- Task instructions -
Nothing outside the range below should be printed. Output exactly the lines from the line with "Borgward Isabella Convertible 3D Model" to the line with "Centro de mesa", both included.

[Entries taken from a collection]
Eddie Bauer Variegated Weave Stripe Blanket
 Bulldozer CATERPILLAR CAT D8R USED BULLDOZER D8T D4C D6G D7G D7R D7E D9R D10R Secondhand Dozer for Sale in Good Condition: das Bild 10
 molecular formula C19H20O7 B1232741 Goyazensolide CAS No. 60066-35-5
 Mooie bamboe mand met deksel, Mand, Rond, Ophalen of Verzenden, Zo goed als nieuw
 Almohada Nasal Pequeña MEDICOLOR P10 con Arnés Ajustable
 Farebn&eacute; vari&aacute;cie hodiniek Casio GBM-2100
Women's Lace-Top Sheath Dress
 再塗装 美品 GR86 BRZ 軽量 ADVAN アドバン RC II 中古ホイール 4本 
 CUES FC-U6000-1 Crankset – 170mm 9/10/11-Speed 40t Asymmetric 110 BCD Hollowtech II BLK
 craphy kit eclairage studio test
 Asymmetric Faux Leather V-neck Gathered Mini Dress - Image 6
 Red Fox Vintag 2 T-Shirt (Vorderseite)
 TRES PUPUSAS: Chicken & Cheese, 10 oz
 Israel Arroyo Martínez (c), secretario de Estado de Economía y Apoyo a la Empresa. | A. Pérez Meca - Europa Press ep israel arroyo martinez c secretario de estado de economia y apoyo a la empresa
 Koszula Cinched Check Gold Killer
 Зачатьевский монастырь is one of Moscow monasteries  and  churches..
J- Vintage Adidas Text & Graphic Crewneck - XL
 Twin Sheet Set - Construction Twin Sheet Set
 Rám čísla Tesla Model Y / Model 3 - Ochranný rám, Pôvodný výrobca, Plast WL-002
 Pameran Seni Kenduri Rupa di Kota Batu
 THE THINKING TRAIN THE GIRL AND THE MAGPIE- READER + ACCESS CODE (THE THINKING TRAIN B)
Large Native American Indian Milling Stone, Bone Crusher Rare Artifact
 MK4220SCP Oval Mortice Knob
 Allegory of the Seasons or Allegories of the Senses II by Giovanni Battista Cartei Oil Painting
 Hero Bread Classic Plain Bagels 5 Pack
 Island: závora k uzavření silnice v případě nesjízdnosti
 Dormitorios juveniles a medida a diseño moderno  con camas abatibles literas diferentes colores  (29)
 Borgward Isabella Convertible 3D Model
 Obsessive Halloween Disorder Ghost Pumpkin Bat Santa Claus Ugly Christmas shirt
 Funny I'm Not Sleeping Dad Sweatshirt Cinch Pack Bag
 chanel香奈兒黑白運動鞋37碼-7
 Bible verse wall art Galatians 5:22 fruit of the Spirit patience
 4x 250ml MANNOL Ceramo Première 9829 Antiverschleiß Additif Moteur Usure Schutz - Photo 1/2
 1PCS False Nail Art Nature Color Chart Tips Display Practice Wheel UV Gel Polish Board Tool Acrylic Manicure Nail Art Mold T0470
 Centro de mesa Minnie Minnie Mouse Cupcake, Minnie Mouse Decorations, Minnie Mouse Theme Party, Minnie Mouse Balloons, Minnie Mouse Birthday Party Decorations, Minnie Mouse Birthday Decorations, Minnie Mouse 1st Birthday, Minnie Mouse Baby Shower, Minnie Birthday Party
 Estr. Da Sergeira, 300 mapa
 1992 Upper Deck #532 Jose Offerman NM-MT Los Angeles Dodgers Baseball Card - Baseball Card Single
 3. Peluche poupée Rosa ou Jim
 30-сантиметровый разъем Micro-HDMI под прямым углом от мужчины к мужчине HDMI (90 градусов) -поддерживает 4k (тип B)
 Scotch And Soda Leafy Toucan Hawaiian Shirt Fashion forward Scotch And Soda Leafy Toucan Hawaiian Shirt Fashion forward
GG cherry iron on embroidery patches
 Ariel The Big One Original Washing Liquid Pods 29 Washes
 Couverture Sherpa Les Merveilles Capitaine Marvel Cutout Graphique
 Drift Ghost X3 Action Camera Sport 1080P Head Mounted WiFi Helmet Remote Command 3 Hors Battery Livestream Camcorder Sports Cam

- Problem solution -
 Borgward Isabella Convertible 3D Model
 Obsessive Halloween Disorder Ghost Pumpkin Bat Santa Claus Ugly Christmas shirt
 Funny I'm Not Sleeping Dad Sweatshirt Cinch Pack Bag
 chanel香奈兒黑白運動鞋37碼-7
 Bible verse wall art Galatians 5:22 fruit of the Spirit patience
 4x 250ml MANNOL Ceramo Première 9829 Antiverschleiß Additif Moteur Usure Schutz - Photo 1/2
 1PCS False Nail Art Nature Color Chart Tips Display Practice Wheel UV Gel Polish Board Tool Acrylic Manicure Nail Art Mold T0470
 Centro de mesa Minnie Minnie Mouse Cupcake, Minnie Mouse Decorations, Minnie Mouse Theme Party, Minnie Mouse Balloons, Minnie Mouse Birthday Party Decorations, Minnie Mouse Birthday Decorations, Minnie Mouse 1st Birthday, Minnie Mouse Baby Shower, Minnie Birthday Party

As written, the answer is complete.